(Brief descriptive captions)

Start of Block

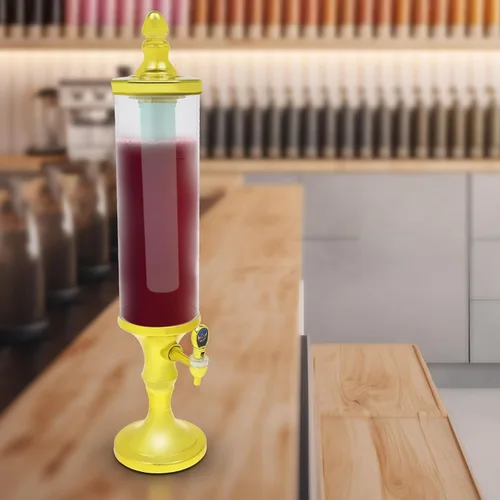 Vista 7 de Dispensador de torre de cerveza de 3 litros con tubo de hielo y dispensador de cerveza de mesa ligera, 3.2 cuartos de galón /102 onzas, dispensador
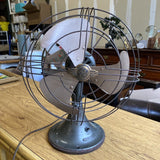 Antique 1950s Industrial General Electric Table Fan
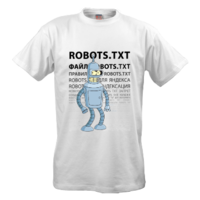 Майка «robots.txt» с короткими рукавами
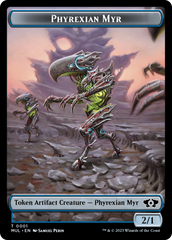 Phyrexian Myr // Teferi's Talent Emblem Double-Sided Token [March of the Machine Tokens] | Exor Games Summserside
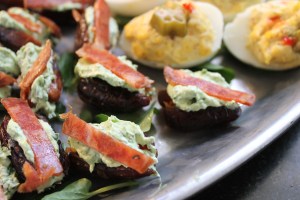 Campania, Goat Cheese & Watercress Stuffed Dates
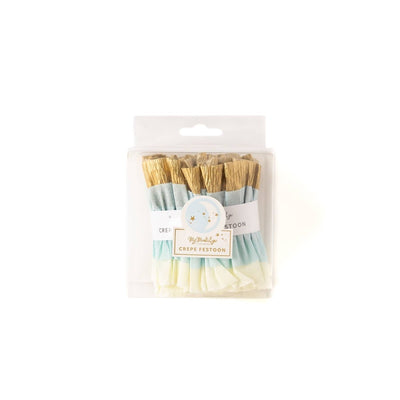 Baby Blue/Gold Crepe Banner - LIV & Company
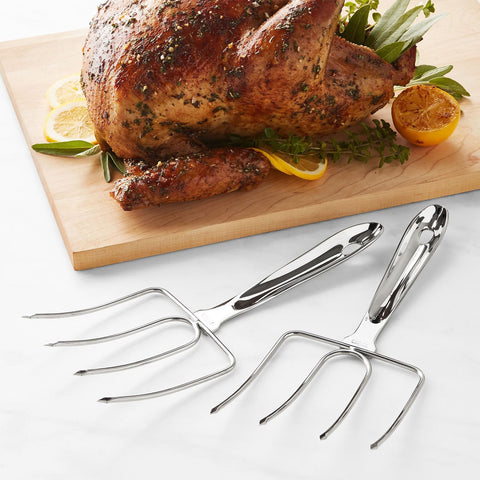 KayCrown tenedores para pavo en acero inoxidable aptos para lavavajillas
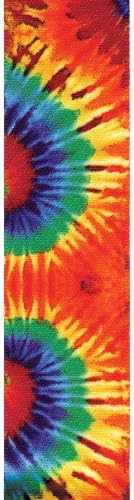 Offray Revolution Revolution Tie-Dye Print Ribbon, 1-1/2-инчен широк од 25-двор, основно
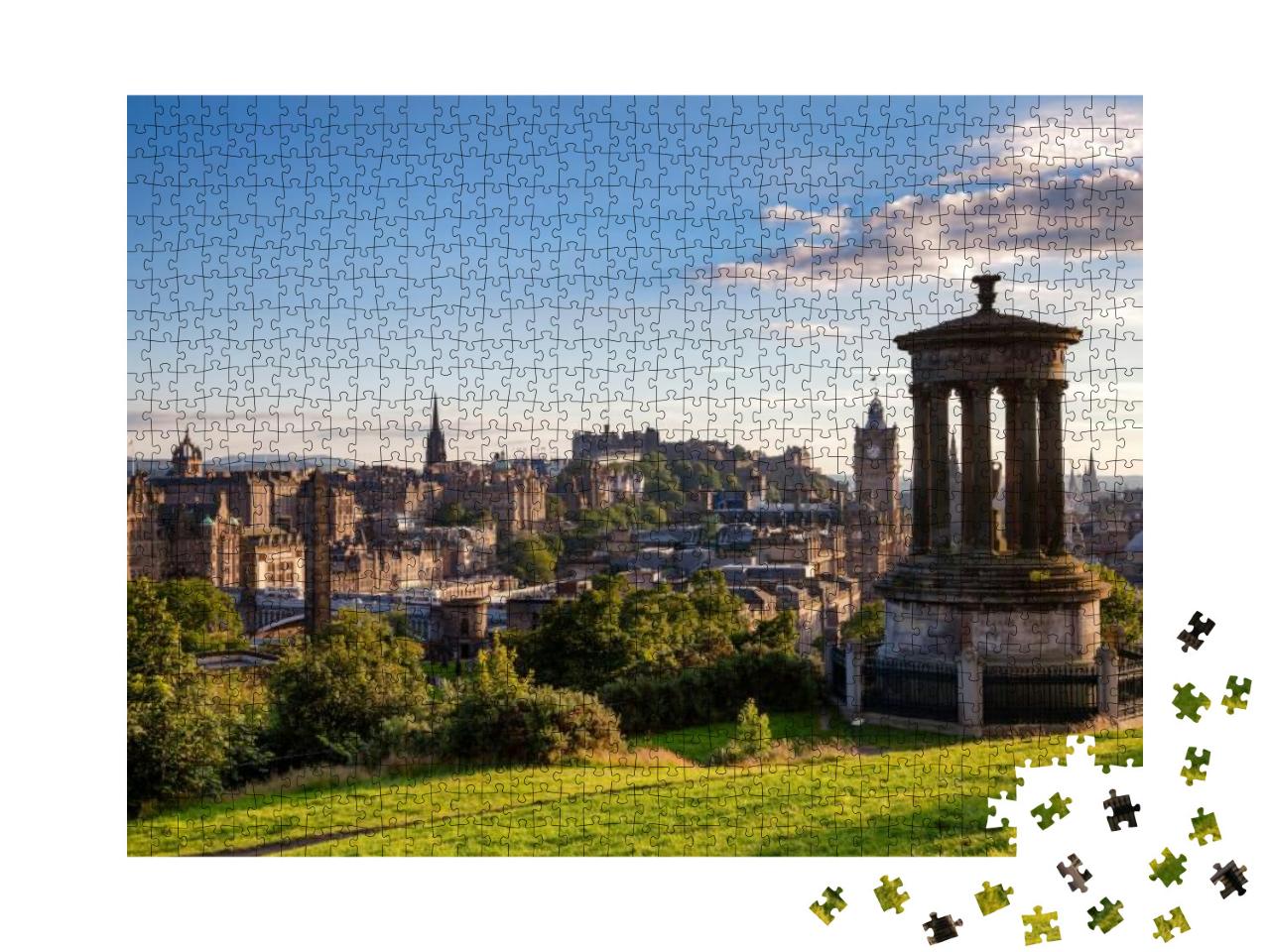 Edinburgh Skyline as Viewed from the Calton Hill with the... Jigsaw Puzzle with 1000 pieces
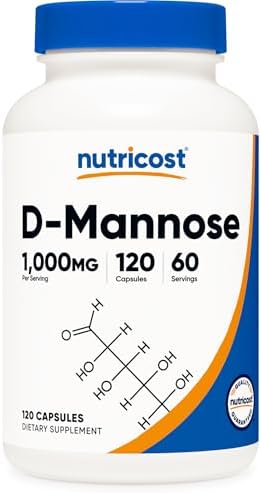 Nutricost D-Mannose (1,000mg Per Serving) 120 Capsules, 60 Servin...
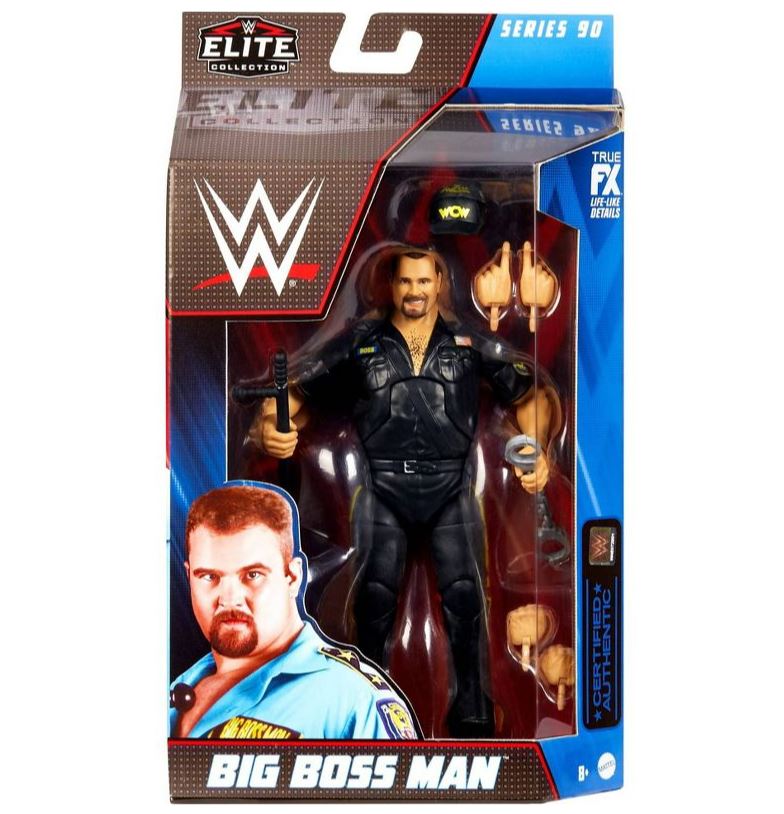 Hot Deal! WWE Elite Collection Big Boss Man Action Figure for Collectors and Kids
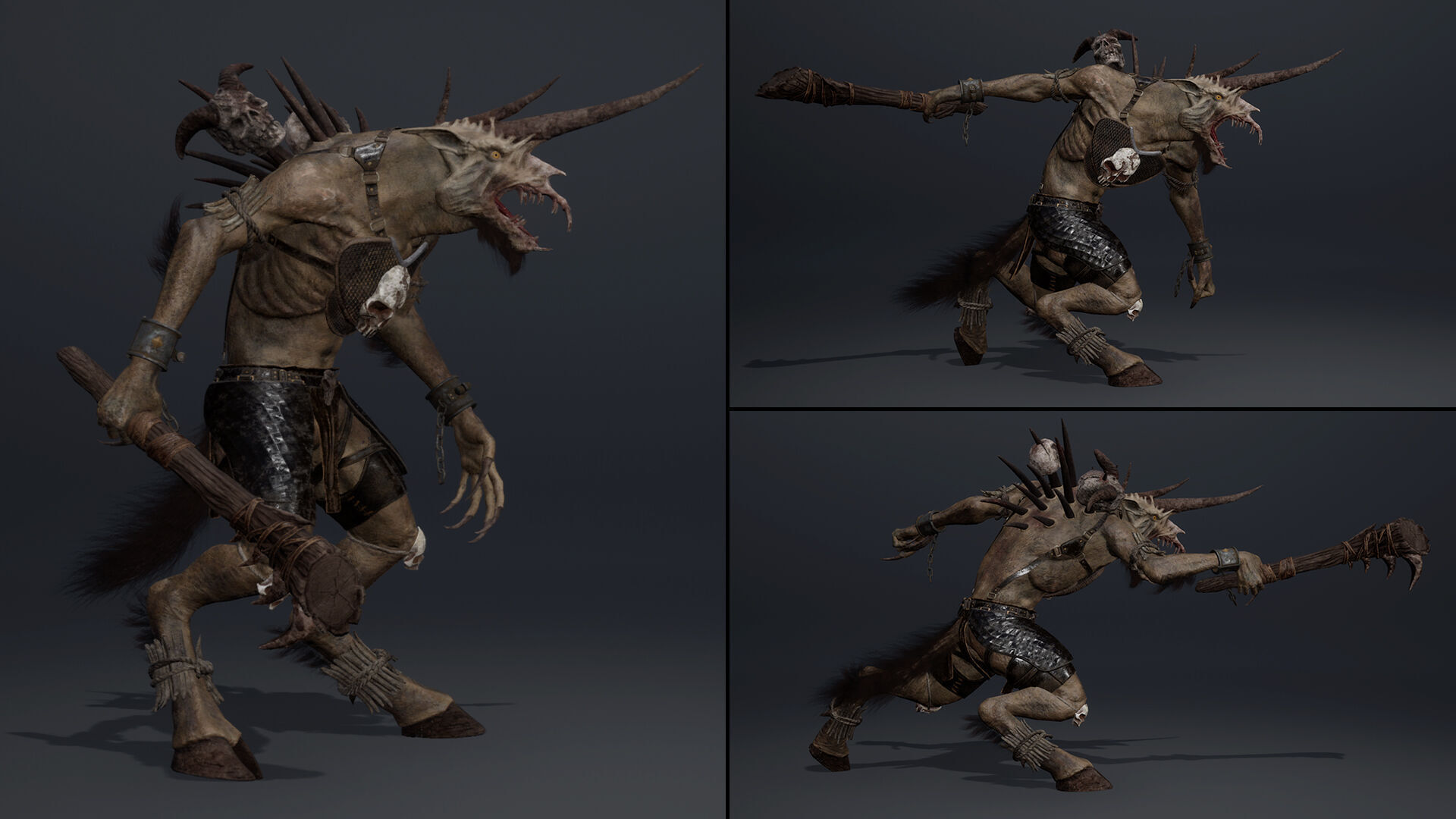Ashen Barbarian Arm2 Low-poly 3D model_7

End of Block

■ PROBLEM
From the line with "Baby Blue/Gold Crepe Banner - LIV & Company" up to and including the line with "Offray Revolution Revolution" above, retype every line exactly and nothing more; leave out the pictures.

■ REPLY
 Baby Blue/Gold Crepe Banner - LIV & Company
 KayCrown tenedores para pavo en acero inoxidable aptos para lavavajillas
 Offray Revolution Revolution Tie-Dye Print Ribbon, 1-1/2-инчен широк од 25-двор, основно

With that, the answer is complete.